INSTRUCTIONS FOR THE TASK: Your job with the data below: print everything from the line that holds "DHL Express satsar" down to the line that holds "270.10M² OFFICE TO", ends included, exactly, and nothing else.

PROVIDED ENTRIES:
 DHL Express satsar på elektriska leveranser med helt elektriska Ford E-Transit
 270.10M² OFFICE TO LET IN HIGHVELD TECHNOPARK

---

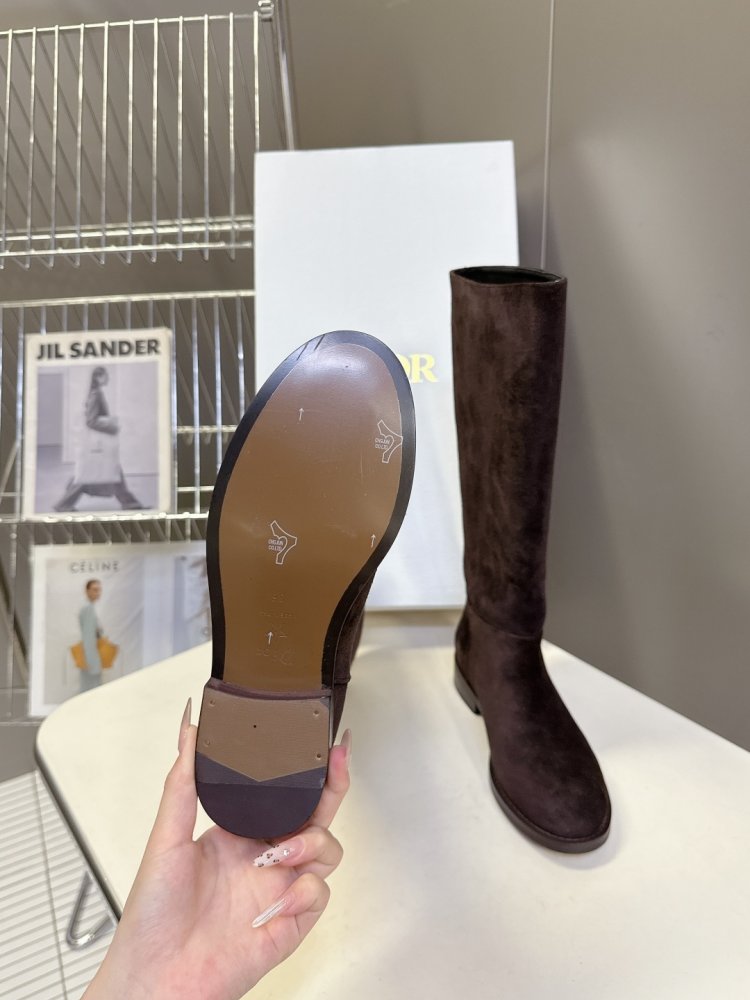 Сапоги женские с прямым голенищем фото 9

ANSWER TO THIS EXERCISE:
 DHL Express satsar på elektriska leveranser med helt elektriska Ford E-Transit
 270.10M² OFFICE TO LET IN HIGHVELD TECHNOPARK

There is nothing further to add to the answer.